Salahkah kami jika kami hanya memilih film yang ingin kami tonton? Sejujurnya kami tak peduli apakah itu film Indonesia atau film dari luar. Selama kami bisa menikmati dan merasa terhibur, kami pun bisa keluar dari bioskop dengan bahagia. Kami masih di tahap hanya bisa memilih satu film setiap pekan. Itu pun tak selalu bisa. Kadang kami tetap harus bekerja di akhir pekan.
Bukan tak pernah kami menonton film Indonesia. Bahkan lumayan sering. Terutamanya film-film yang bisa membuat kami senang setelah menontonnya. Kami tak terlalu suka diajak untuk berpikir terlalu dalam. Di kantor dan di rumah tangga sudah banyak yang harus kami pikirkan. Menonton film adalah kegiatan untuk menyegarkan kami.
Membawa kami sekejap keluar dari rutinitas. Melanglang buana melepas beban hidup sehari-hari. Berkhayal untuk menjadi yang kami tak mampu dapatkan di kehidupan nyata. Tak jarang, mencari inspirasi dan jawaban akan pertanyaan dan misteri kehidupan yang kami hadapi sehari-hari. Seperti, kapan kami bisa punya mobil sendiri sehingga tak perlu bergelayutan lagi di bis yang sesak dan panas. Bagaimana caranya kami bisa mendapatkan kekayaan lebih dengan kerja lebih sedikit. Cinta pertama yang harus kandas karena beda agama. Jawaban akan dilema bekerja sesuai gaji atau sesuai passion. Yang terakhir ya soal bagaimana kami bisa tetap merayakan Lebaran dengan sedikit kemewahan. Filosofis sekali bukan?
Lebih seringnya kami menemukan film-film Indonesia yang kurang menghibur. Seperti sulitnya membuat Rendang. Yang bagi kami, tinggal beli saja di Restoran Padang yang tersebar di seluruh penjuru kota. Atau film Indonesia yang membuat kami jadi merasa lebih miskin sesudah menontonnya. Karena kopi sachetan yang selama ini kamiย sukai, ternyata menurut film itu bukan kopi yang sesungguhnya.
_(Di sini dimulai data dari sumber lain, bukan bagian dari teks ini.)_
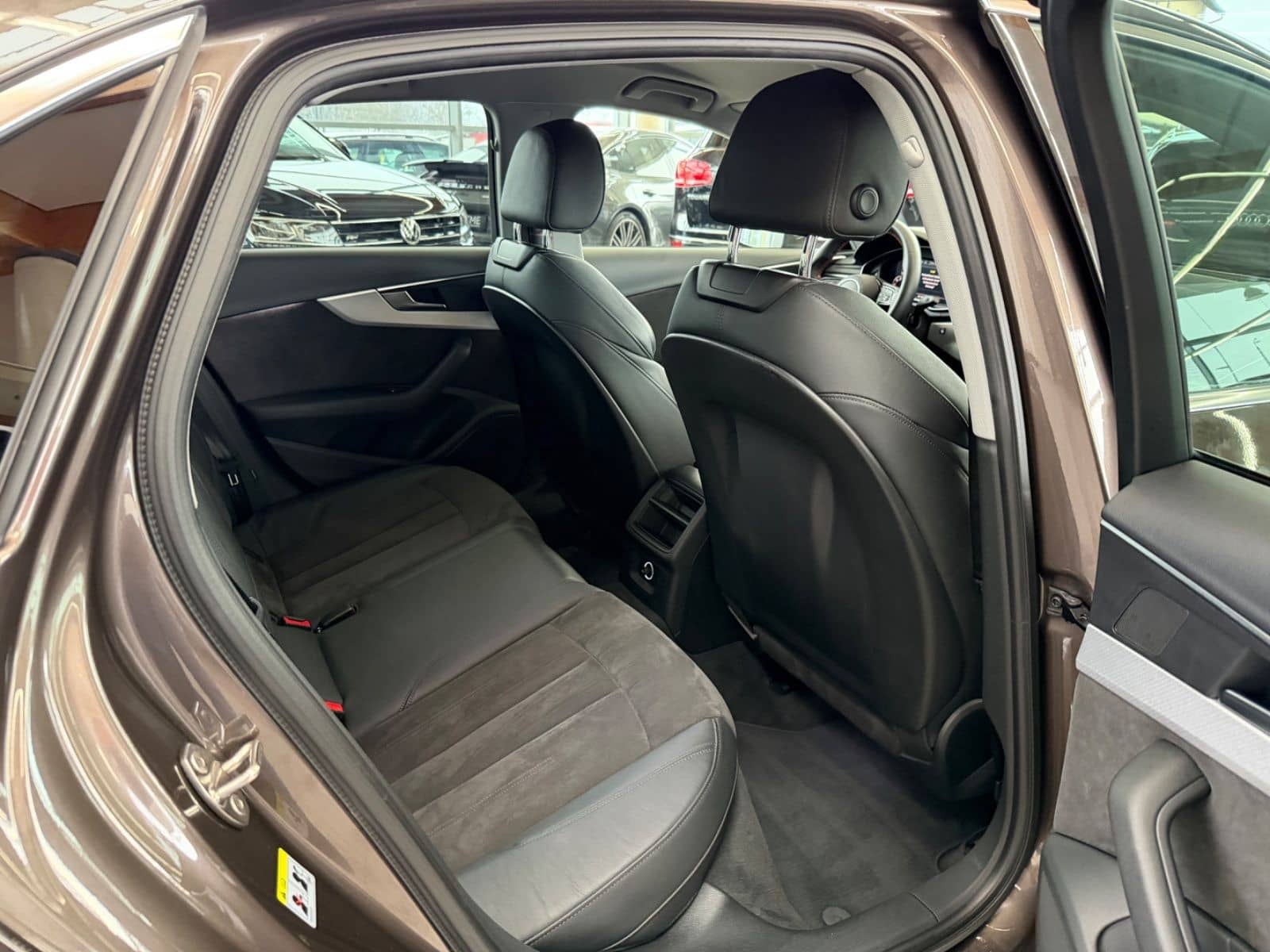 Audi A4 Lim. 2.0TDI sport Virtual LED foto 23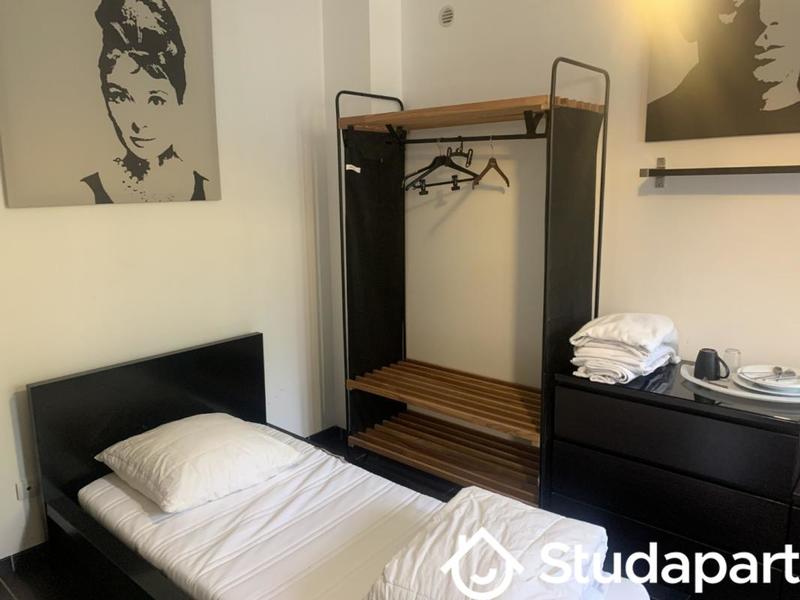 Chambre - 11 m² - 1 pièce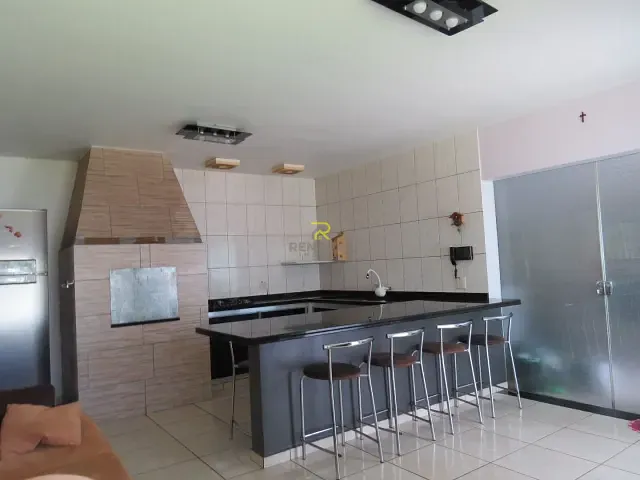 Casa com 374m², à venda, no bairro Centro em Guarapuava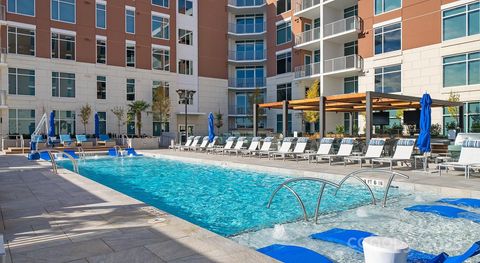 4425 Sharon Road PH2 Charlotte NC 28211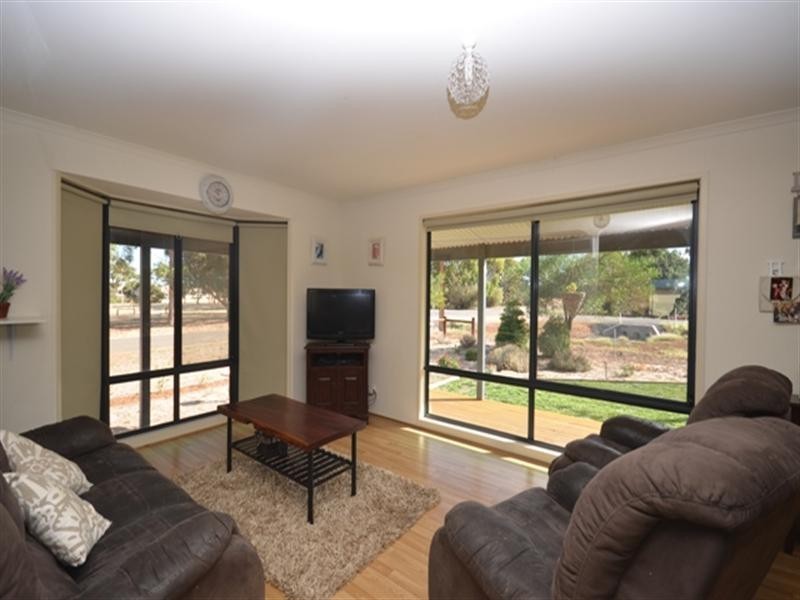 91 South Terrace, Farrell Flat SA 5416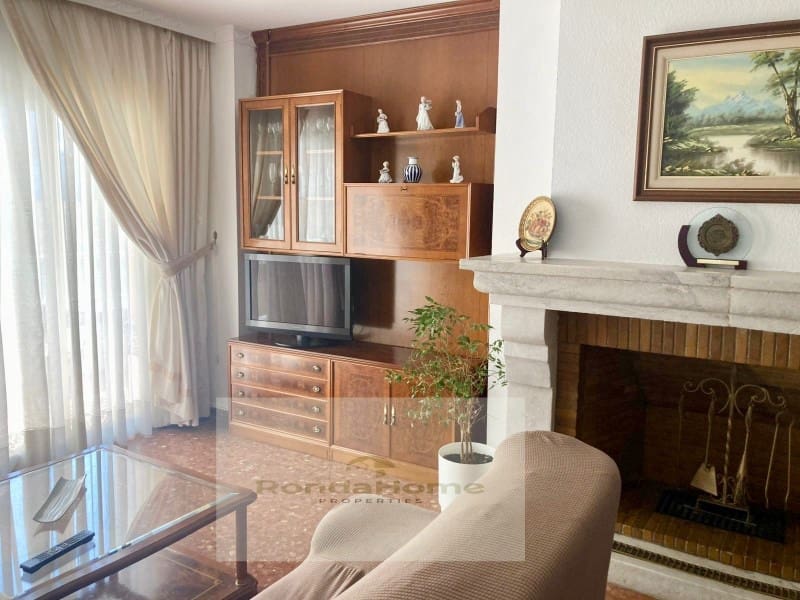 2 bedroom Flat for rent in Torremolinos with garage - € 1,600 (Ref: 9375473)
Atauย saat menonton film silat Indonesia, kami merasa kurang banyak melihat adegan silatnya. Kami berharap lebih banyak menonton adegan pertarungan yang seru yang membuat jantung kami berdebar. Ketimbang melihat keindahan pemandangan.
Pssst… ada juga diantara kami yang tau kalau film mengenai perjalanan Ayah dan Anak laki-lakinya yang sedang tayang sekarang mirip dengan film Le Grand Voyage yang terkenal itu. Kami mungkin suka menontonnya, tapi bukan berarti kami menghargainya.
Percayalah, kami tetap ingin menonton film Indonesia. Tapi tentunya film Indonesia yang memang dibikin untuk membahagiakan dan memuaskan kami. Bukan hanya karena film Anda adalah film Indonesia (dan kalau kami tidak menontonnya kami langsung dicap tidak menghargai karya anak bangsa). Mungkin kami belum sepandai pembuat filmnya. Tapi uang dan waktu yang diluangkan untuk menonton film Anda, adalah uang dan waktu milik kami. Karenanya, jangan dikte apalagi menghakimi pilihan kami.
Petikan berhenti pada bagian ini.